# Scope



## stapes24 (Nov 20, 2011)

Looking to buy a new rifle scope to mount on my .308. I have it narrowed down to Nikon Pro Staff or Buckmaster, Bushnell Trophy XLT, and the Leupold VX-I all 3-9x40. Anyone have input on any of these? Anything would be helpful. Thanks!


----------



## JMSUN (Feb 24, 2010)

I have a Leupold VX-I and am very happy with it.


----------



## bobinbusan (Feb 16, 2010)

Step up to the Nikon Monarch, better then the other ones you talked about and just for a few more bucks, research it out andf you will see,also better glass:thumbup: :thumbup:


----------



## Burnt Drag (Jun 3, 2008)

A couple of things to consider, a 9X is just barely there at over 200yds. The Nikon does have BDC dots that are kinda cool. Then the warrenty... Im not sure about Nikon, but I can tell you, if it says Leupold on it, they fix it free, no questions. The 14X magnification is really helpful past 200, but most shots in this area are 100 or less. The choice is dizzying.


----------



## scootman (Oct 6, 2007)

Staples: Visit a retailer and look through the each one. I'd even suggest going there just before dark and asking to look through them outside. My guess is one will outshine the others for YOUR eyes. I did this a couple seasons ago expecting to buy a Leupold or a Nikon.....ended up buying a Zeiss.
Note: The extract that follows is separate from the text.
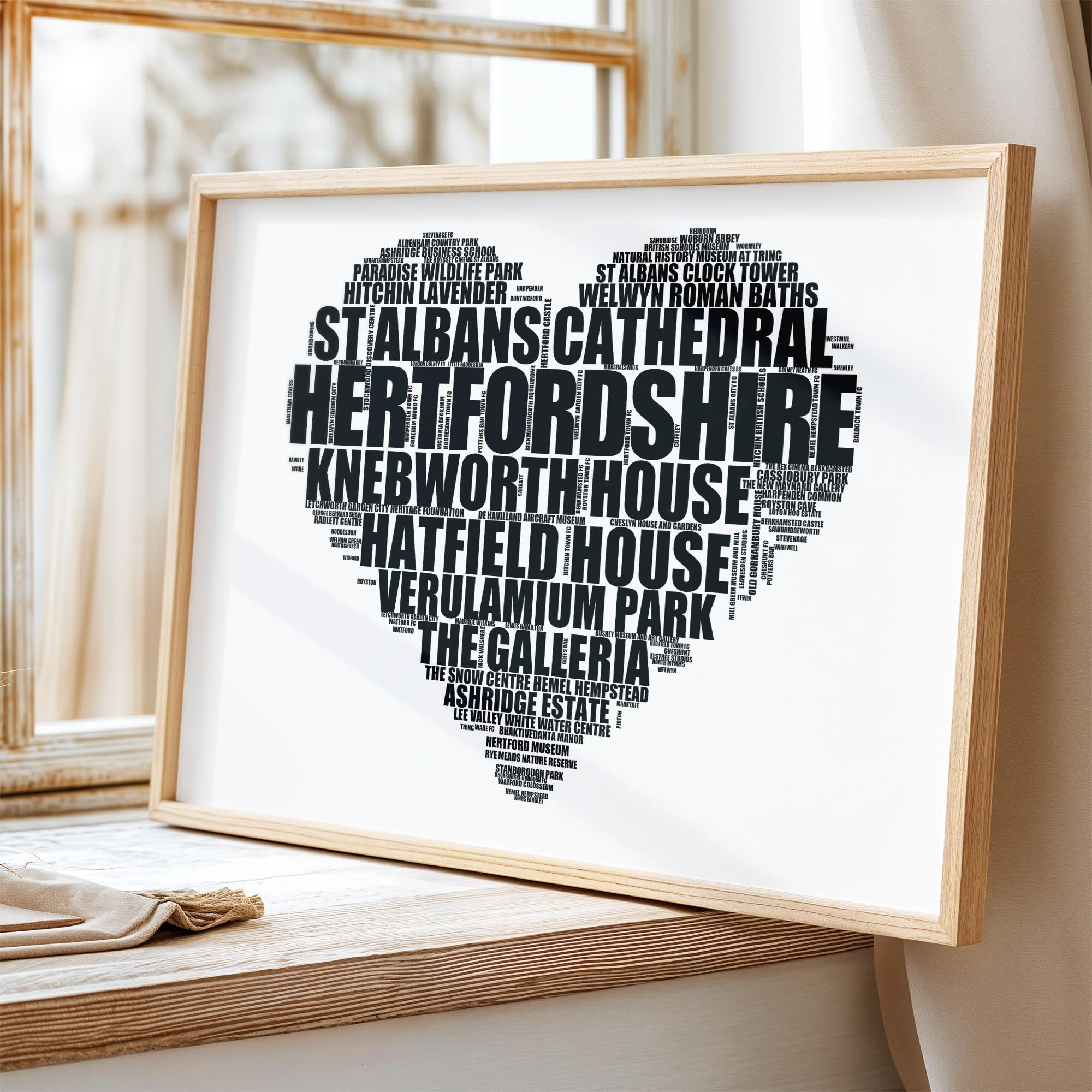 Hertfordshire - Premium Typographic Word Cloud Prints, Posters & Gifts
Best of luck with your purchase. I'm sure you will be pleased with whatever you decide. 

Scoots


----------



## stapes24 (Nov 20, 2011)

Thanks for the input! I actually went into a couple stores today and looked through 5-6 different scopes. I was very pleased with the Leupold and Nikon Pro Staff. I was not impressed with the Bushnell Trophy Bone Collector. I also looked through a BSA and it was alright or the price. The Zeiss were all packaged up and they wouldn't open it. They are a little out of my price range a well.


----------



## fishyfingers (Oct 3, 2007)

I like Nikon. I own Leupolds and Zeiss. I bought two Zeiss 3-9x40 a few months ago for $350 each. If that is not in your budget, save a little longer and get the Zeiss. I can see in the dark with mine. I can watch deer in the field that I can't see with the naked eye after the sun goes down.


----------